In accordance with the requirements of the CARES Act and consistent with the PPP’s purpose to keep employees on payroll, the Company will use its portion of the proceeds from the SBA Loans primarily for payroll costs associated with the Company’s operations other than those related to PE Pekin. PE Pekin will use its portion of the proceeds from the SBA Loans primarily for payroll costs associated with the Pekin campus. In doing so, each of the Company and PE Pekin believes that the proceeds from the SBA Loans will allow each company to bring back some of its recently furloughed employees to help the Company and PE Pekin to continue their current operations.


The descriptions of the SBA Loans do not purport to be complete and are qualified in their entirety by reference to the SBA Loans, which are filed as Exhibits 10.1 and 10.2 to this Current Report on Form 8-K and are incorporated herein by this reference.


Item 9.01Financial Statements and Exhibits.




Number   Description
10.1   Promissory Note by Pacific Ethanol, Inc. in favor of Bank of America, NA dated April 29, 2020 (*)
10.2   Promissory Note by Pacific Ethanol Pekin, LLC in favor of Bank of America, NA dated May 1, 2020 (*)



(*)Filed herewith. The agreement filed as an exhibit to this report contains representations and warranties made by the parties thereto. The assertions embodied in such representations and warranties are not necessarily assertions of fact, but a mechanism for the parties to allocate risk.

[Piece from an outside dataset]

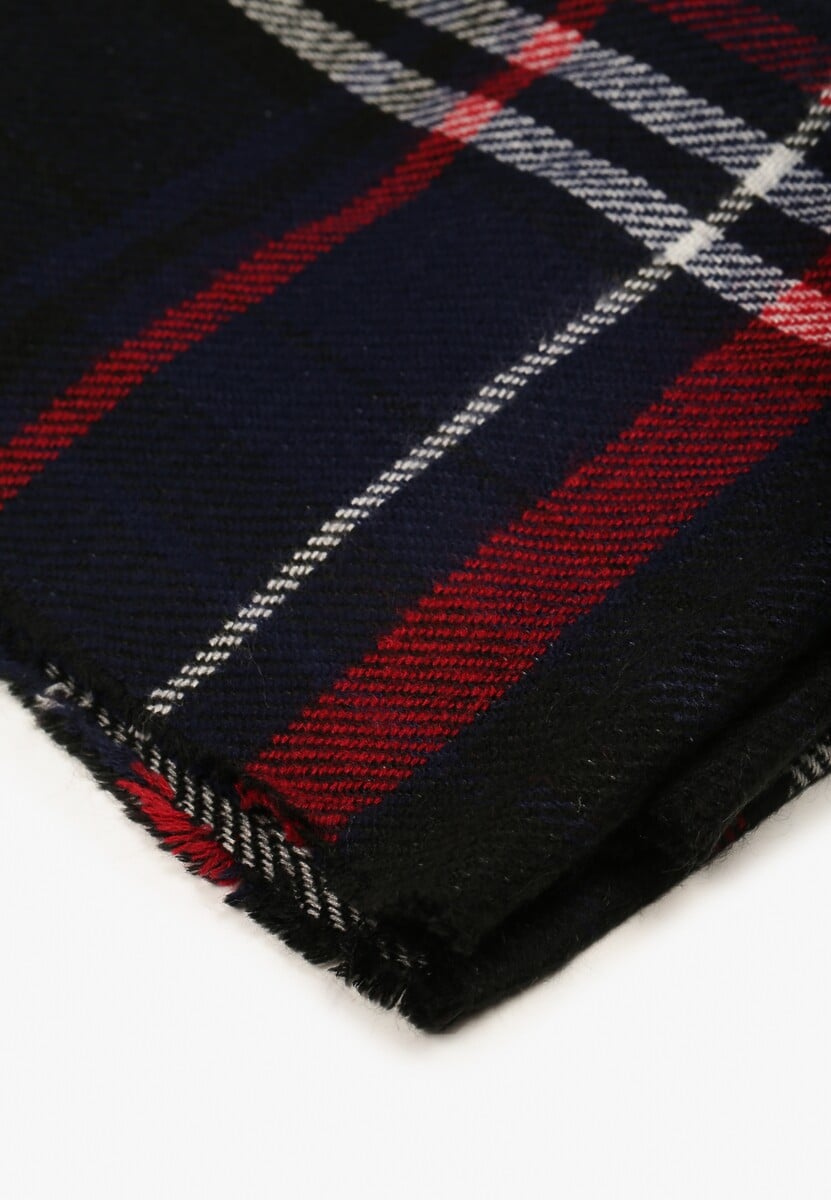 Granatowo-Czerwony Szalik Komin Ozdobiony Kratą Zinnestra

Accordingly, investors should not rely on the representations and warranties as characterizations of the actual state of facts or for any other purpose at the time they were made or otherwise.







Pursuant to the requirements of the Securities Exchange Act of 1934, the registrant has duly caused this report to be signed on its behalf by the undersigned hereunto duly authorized.


Date:  May 7, 2020 PACIFIC ETHANOL, INC.